## Supplied entries

○ ○ ○ ○ ○ ○ ○

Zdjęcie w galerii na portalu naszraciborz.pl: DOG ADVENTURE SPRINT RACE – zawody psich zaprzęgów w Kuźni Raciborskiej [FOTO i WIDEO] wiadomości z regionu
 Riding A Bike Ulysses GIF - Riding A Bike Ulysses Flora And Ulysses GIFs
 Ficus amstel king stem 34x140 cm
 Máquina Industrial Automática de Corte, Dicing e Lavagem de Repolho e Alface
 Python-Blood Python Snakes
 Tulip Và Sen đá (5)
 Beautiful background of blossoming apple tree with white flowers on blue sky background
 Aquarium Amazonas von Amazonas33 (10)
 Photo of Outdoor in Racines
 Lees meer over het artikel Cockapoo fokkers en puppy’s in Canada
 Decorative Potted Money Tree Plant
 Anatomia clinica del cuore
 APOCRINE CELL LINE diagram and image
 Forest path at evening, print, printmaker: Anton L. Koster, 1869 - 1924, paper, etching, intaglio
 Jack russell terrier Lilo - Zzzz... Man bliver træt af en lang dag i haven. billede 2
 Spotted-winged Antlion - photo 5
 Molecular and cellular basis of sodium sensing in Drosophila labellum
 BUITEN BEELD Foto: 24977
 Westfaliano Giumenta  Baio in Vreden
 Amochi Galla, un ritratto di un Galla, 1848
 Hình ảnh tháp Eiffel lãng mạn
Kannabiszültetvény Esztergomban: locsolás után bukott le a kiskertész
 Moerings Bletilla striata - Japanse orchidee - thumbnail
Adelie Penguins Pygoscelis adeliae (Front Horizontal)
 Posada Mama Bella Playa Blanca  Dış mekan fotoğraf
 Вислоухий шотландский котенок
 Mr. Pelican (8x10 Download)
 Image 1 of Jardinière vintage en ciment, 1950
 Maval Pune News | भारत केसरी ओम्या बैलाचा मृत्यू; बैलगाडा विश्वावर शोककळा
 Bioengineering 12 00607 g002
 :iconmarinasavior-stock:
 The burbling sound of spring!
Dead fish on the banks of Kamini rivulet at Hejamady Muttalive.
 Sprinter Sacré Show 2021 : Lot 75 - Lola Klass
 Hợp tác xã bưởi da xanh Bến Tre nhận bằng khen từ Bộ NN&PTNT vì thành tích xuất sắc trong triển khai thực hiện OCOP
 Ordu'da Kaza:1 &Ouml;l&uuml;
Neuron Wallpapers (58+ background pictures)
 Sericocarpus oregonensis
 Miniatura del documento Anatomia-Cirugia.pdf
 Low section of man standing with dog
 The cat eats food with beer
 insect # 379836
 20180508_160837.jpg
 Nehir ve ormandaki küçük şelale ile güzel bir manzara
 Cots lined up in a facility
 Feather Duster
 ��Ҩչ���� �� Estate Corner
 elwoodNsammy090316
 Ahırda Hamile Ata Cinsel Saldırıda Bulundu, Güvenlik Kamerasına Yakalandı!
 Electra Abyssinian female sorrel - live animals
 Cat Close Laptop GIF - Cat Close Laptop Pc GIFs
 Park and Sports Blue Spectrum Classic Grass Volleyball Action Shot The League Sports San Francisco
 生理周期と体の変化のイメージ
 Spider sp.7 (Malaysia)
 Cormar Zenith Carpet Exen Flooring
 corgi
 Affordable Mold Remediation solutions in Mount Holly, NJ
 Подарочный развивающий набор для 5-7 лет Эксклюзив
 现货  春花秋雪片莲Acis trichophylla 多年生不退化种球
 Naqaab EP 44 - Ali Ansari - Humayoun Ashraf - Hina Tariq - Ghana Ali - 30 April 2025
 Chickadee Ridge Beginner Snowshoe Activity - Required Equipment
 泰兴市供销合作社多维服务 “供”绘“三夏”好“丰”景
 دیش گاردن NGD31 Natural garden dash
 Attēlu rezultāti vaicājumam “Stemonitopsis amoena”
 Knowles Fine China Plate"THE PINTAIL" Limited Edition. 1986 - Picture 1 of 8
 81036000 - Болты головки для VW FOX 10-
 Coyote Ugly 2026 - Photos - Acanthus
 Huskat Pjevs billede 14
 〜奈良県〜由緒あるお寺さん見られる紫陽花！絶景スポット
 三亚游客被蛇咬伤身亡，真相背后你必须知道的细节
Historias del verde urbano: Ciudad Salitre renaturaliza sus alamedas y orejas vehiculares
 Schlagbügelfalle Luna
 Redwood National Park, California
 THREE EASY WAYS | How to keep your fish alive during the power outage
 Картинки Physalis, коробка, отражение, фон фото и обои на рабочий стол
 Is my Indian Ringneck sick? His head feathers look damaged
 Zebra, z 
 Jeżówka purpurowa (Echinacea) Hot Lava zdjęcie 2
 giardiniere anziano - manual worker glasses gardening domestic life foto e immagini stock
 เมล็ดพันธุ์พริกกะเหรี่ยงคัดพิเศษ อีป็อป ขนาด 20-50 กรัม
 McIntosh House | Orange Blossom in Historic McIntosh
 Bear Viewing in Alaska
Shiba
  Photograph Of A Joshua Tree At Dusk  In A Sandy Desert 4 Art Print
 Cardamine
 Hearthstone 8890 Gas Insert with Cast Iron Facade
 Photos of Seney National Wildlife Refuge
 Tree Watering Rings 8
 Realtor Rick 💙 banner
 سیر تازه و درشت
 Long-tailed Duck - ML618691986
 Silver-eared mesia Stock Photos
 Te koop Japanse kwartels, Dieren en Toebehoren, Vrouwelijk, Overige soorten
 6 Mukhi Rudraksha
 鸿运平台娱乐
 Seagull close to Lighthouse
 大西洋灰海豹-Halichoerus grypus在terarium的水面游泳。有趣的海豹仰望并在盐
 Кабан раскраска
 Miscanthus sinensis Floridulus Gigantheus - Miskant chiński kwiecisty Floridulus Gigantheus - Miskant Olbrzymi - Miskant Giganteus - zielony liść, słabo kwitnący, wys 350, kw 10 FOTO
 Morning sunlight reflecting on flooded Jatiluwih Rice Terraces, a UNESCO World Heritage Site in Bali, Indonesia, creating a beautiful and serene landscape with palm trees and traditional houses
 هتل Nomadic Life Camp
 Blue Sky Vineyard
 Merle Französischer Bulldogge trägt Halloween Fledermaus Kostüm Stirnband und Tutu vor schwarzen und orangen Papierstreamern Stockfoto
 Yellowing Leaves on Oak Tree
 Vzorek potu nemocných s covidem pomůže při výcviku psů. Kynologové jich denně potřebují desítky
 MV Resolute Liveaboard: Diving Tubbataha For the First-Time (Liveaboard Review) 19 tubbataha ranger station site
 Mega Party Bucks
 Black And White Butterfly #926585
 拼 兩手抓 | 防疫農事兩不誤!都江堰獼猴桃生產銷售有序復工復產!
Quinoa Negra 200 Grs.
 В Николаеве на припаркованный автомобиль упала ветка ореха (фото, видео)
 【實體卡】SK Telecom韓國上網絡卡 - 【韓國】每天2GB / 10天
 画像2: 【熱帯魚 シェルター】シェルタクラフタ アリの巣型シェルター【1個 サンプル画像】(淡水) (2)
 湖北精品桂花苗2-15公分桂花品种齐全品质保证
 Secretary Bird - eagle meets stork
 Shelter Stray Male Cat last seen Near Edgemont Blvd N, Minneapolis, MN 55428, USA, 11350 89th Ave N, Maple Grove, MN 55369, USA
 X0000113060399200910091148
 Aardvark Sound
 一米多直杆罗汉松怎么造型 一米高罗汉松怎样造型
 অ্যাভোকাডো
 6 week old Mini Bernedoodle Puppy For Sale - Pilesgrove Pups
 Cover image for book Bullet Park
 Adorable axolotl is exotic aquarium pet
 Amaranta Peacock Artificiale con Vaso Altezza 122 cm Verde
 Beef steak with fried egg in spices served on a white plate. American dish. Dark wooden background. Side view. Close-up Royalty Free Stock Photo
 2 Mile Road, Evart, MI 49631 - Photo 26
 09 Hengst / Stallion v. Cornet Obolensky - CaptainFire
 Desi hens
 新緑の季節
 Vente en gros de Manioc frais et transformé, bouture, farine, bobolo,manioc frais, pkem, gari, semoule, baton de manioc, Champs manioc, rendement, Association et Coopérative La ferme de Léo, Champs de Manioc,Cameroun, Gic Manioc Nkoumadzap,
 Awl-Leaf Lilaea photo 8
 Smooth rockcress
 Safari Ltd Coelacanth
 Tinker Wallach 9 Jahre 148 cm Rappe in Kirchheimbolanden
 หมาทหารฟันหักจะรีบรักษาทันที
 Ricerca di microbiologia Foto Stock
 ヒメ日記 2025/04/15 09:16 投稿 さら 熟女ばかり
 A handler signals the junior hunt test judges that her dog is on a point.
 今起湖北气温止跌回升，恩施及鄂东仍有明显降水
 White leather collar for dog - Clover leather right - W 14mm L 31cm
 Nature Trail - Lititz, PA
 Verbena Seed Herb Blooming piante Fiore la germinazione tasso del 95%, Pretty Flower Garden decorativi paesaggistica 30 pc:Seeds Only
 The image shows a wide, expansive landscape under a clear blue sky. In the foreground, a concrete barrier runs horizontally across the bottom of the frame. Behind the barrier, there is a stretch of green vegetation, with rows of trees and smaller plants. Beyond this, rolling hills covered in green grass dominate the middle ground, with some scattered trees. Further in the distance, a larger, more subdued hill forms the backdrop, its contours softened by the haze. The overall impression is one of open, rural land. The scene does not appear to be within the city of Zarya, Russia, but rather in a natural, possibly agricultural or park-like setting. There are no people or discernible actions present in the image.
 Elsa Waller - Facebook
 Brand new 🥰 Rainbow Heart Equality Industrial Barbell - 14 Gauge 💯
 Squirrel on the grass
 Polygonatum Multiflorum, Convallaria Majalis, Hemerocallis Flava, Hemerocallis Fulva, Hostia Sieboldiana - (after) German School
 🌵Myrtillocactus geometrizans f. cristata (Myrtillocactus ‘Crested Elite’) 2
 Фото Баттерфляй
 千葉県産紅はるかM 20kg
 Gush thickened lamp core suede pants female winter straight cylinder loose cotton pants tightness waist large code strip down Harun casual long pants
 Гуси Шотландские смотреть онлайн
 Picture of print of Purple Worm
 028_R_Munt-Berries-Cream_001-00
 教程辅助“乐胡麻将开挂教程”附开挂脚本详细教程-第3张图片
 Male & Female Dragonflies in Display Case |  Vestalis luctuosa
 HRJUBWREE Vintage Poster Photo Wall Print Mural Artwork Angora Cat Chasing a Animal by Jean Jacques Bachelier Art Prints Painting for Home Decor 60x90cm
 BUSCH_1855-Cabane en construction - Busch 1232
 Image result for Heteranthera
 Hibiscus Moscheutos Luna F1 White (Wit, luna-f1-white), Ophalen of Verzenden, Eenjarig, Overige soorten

○ ○ ○ ○ ○ ○ ○

## What needs to be done
Every line above from the line with "Hearthstone 8890 Gas" to the line with "Amaranta Peacock Artificiale" is wanted, ends included; write them out exactly and add no other line.

## Final answer
 Hearthstone 8890 Gas Insert with Cast Iron Facade
 Photos of Seney National Wildlife Refuge
 Tree Watering Rings 8
 Realtor Rick 💙 banner
 سیر تازه و درشت
 Long-tailed Duck - ML618691986
 Silver-eared mesia Stock Photos
 Te koop Japanse kwartels, Dieren en Toebehoren, Vrouwelijk, Overige soorten
 6 Mukhi Rudraksha
 鸿运平台娱乐
 Seagull close to Lighthouse
 大西洋灰海豹-Halichoerus grypus在terarium的水面游泳。有趣的海豹仰望并在盐
 Кабан раскраска
 Miscanthus sinensis Floridulus Gigantheus - Miskant chiński kwiecisty Floridulus Gigantheus - Miskant Olbrzymi - Miskant Giganteus - zielony liść, słabo kwitnący, wys 350, kw 10 FOTO
 Morning sunlight reflecting on flooded Jatiluwih Rice Terraces, a UNESCO World Heritage Site in Bali, Indonesia, creating a beautiful and serene landscape with palm trees and traditional houses
 هتل Nomadic Life Camp
 Blue Sky Vineyard
 Merle Französischer Bulldogge trägt Halloween Fledermaus Kostüm Stirnband und Tutu vor schwarzen und orangen Papierstreamern Stockfoto
 Yellowing Leaves on Oak Tree
 Vzorek potu nemocných s covidem pomůže při výcviku psů. Kynologové jich denně potřebují desítky
 MV Resolute Liveaboard: Diving Tubbataha For the First-Time (Liveaboard Review) 19 tubbataha ranger station site
 Mega Party Bucks
 Black And White Butterfly #926585
 拼 兩手抓 | 防疫農事兩不誤!都江堰獼猴桃生產銷售有序復工復產!
Quinoa Negra 200 Grs.
 В Николаеве на припаркованный автомобиль упала ветка ореха (фото, видео)
 【實體卡】SK Telecom韓國上網絡卡 - 【韓國】每天2GB / 10天
 画像2: 【熱帯魚 シェルター】シェルタクラフタ アリの巣型シェルター【1個 サンプル画像】(淡水) (2)
 湖北精品桂花苗2-15公分桂花品种齐全品质保证
 Secretary Bird - eagle meets stork
 Shelter Stray Male Cat last seen Near Edgemont Blvd N, Minneapolis, MN 55428, USA, 11350 89th Ave N, Maple Grove, MN 55369, USA
 X0000113060399200910091148
 Aardvark Sound
 一米多直杆罗汉松怎么造型 一米高罗汉松怎样造型
 অ্যাভোকাডো
 6 week old Mini Bernedoodle Puppy For Sale - Pilesgrove Pups
 Cover image for book Bullet Park
 Adorable axolotl is exotic aquarium pet
 Amaranta Peacock Artificiale con Vaso Altezza 122 cm Verde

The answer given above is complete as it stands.